=== Task objective ===
Everything in the entries except the pictures must be repeated exactly.

=== Task input ===

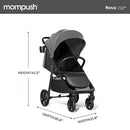Mompush Nova Baby Stroller for Toddler, Infant & Newborn | Spacious Seat & Lie-Flat Mode | Compact One-Hand Fold, UPF 50+ Canopy & All-Wheel Suspension | Includes Rain Cover & Cup Holder, Grey by TinyTreasures Baby Boutique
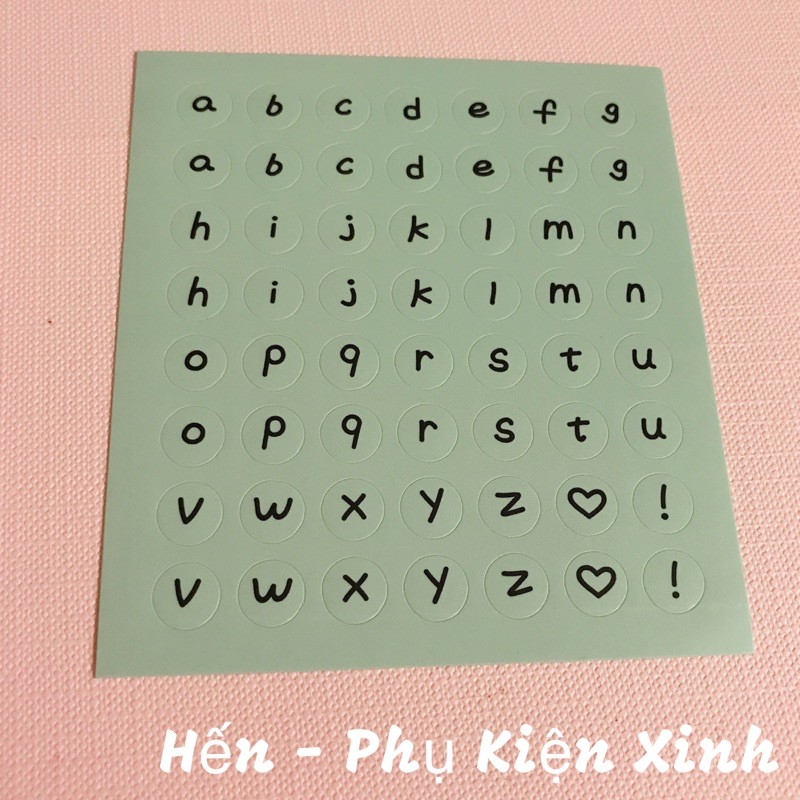 Sticker chữ kèm số nhỏ trang trí ghép tên nhiều màu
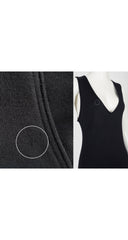 1990s Black Wool Knit Deep V Neck Midi Dress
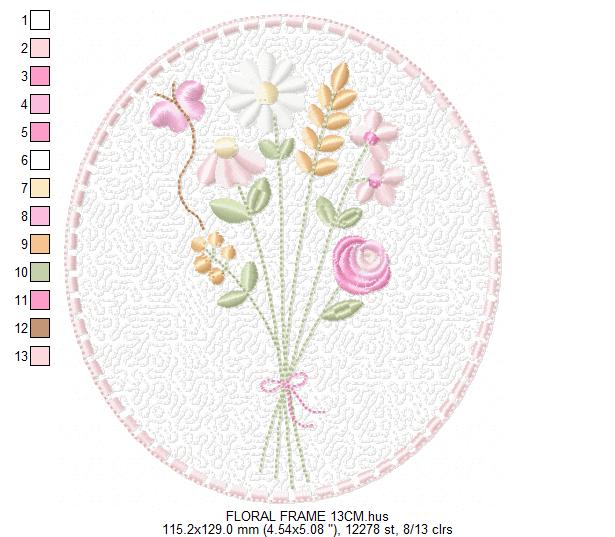 Floral frame embroidery designs - Flower and Butterfly machine embroidery pattern - Floral bouquet Kitchen Towel - Instant digital download (Copy) Marcia Embroidery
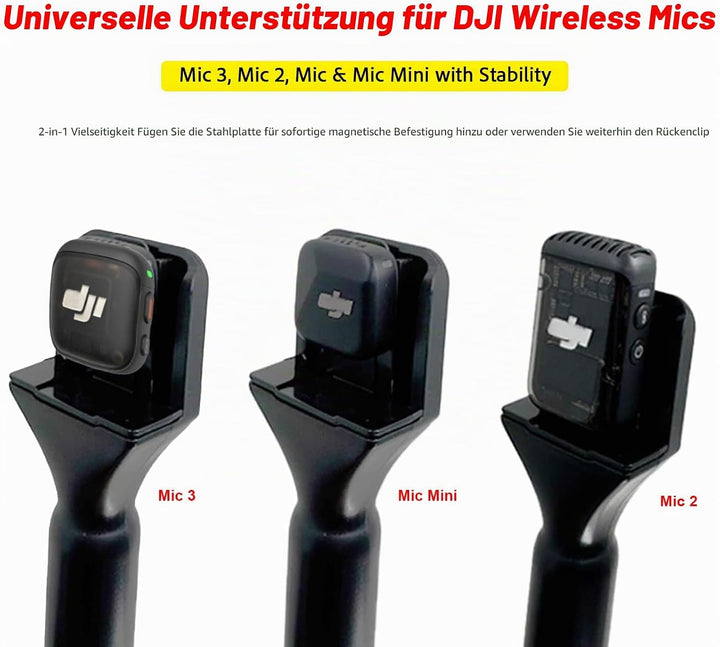 Magnetic Ständer für DJI Mic 3/Mini/1/2 / Rode Wireless GO II/Micro/Insta360 X5 Air Handle Rig Inter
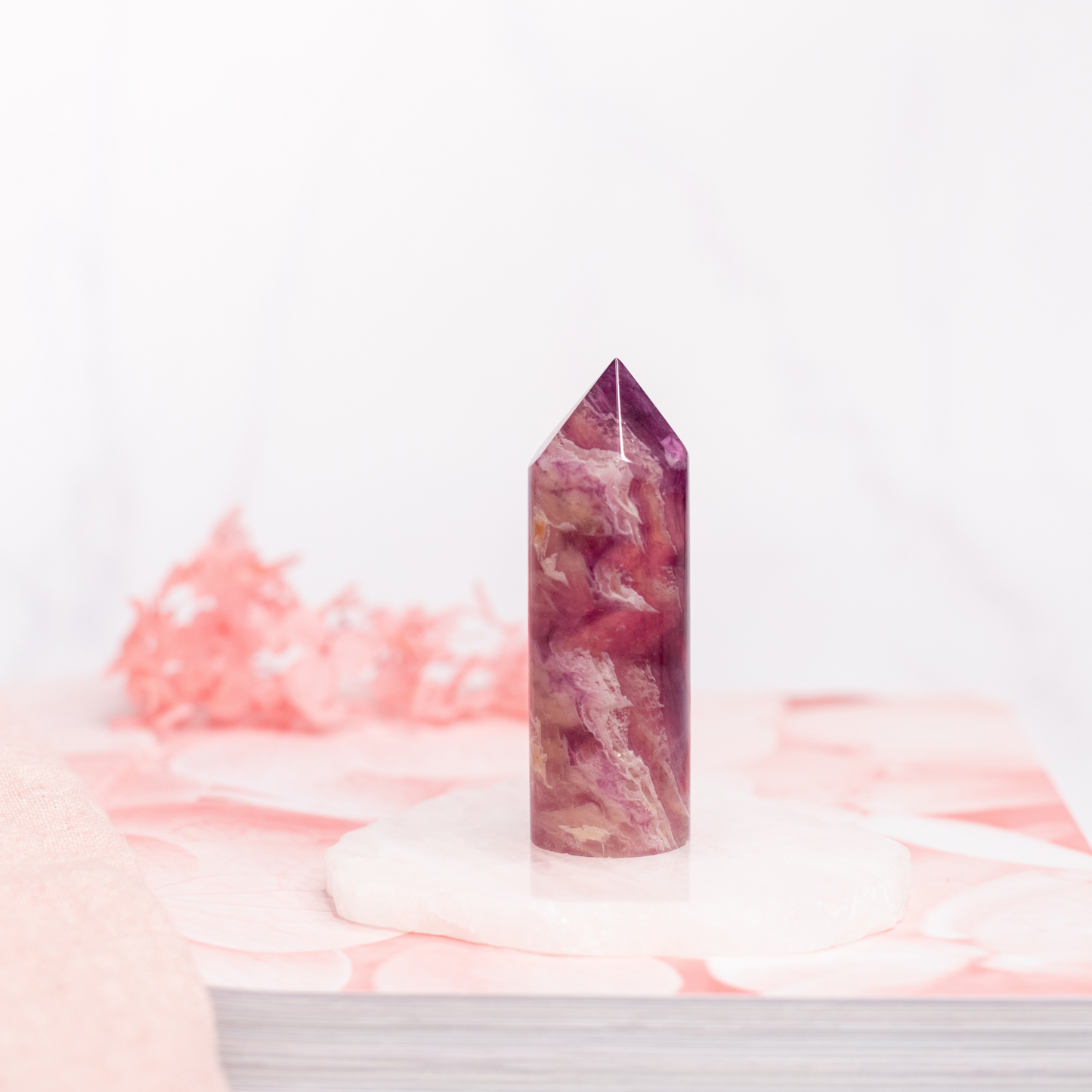 Peach Fluorite Point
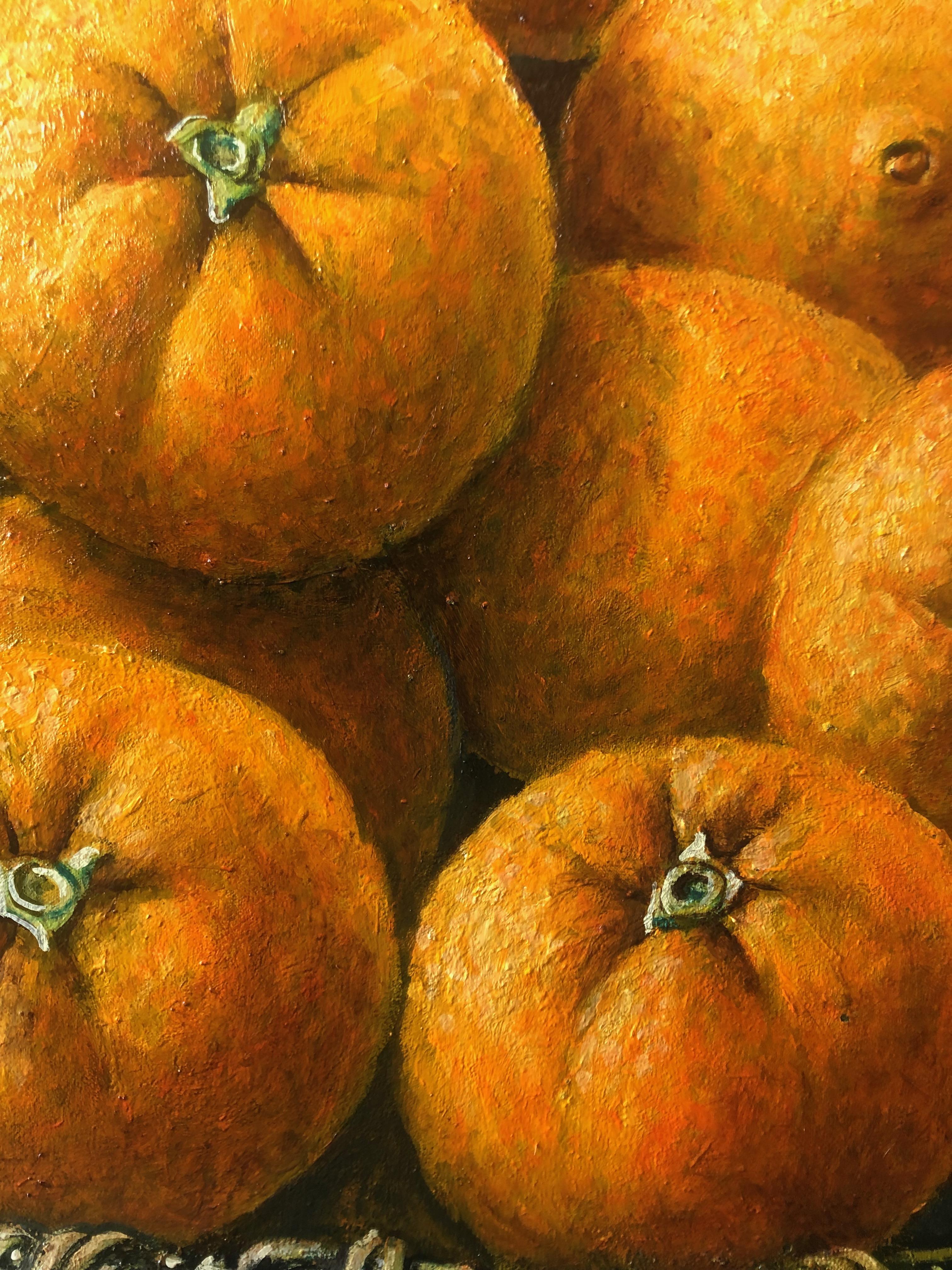 Cesta De Naranjas En El Paisaje - Painting de Rafael Saldarriaga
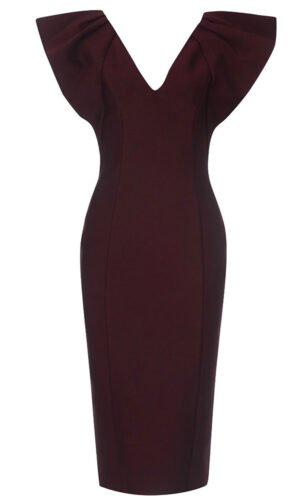 Jade Burgundy Ruffle Sleeve Dress
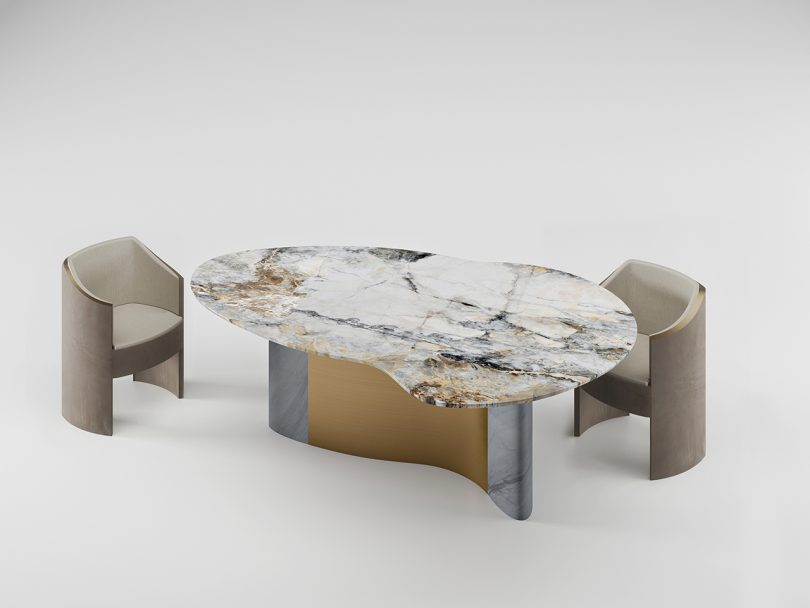 metal and marble dining table with two dining chairs on white background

=== Task output ===
Mompush Nova Baby Stroller for Toddler, Infant & Newborn | Spacious Seat & Lie-Flat Mode | Compact One-Hand Fold, UPF 50+ Canopy & All-Wheel Suspension | Includes Rain Cover & Cup Holder, Grey by TinyTreasures Baby Boutique
 Sticker chữ kèm số nhỏ trang trí ghép tên nhiều màu
 1990s Black Wool Knit Deep V Neck Midi Dress
 Floral frame embroidery designs - Flower and Butterfly machine embroidery pattern - Floral bouquet Kitchen Towel - Instant digital download (Copy) Marcia Embroidery
 Magnetic Ständer für DJI Mic 3/Mini/1/2 / Rode Wireless GO II/Micro/Insta360 X5 Air Handle Rig Inter
 Peach Fluorite Point
 Cesta De Naranjas En El Paisaje - Painting de Rafael Saldarriaga
 Jade Burgundy Ruffle Sleeve Dress
 metal and marble dining table with two dining chairs on white background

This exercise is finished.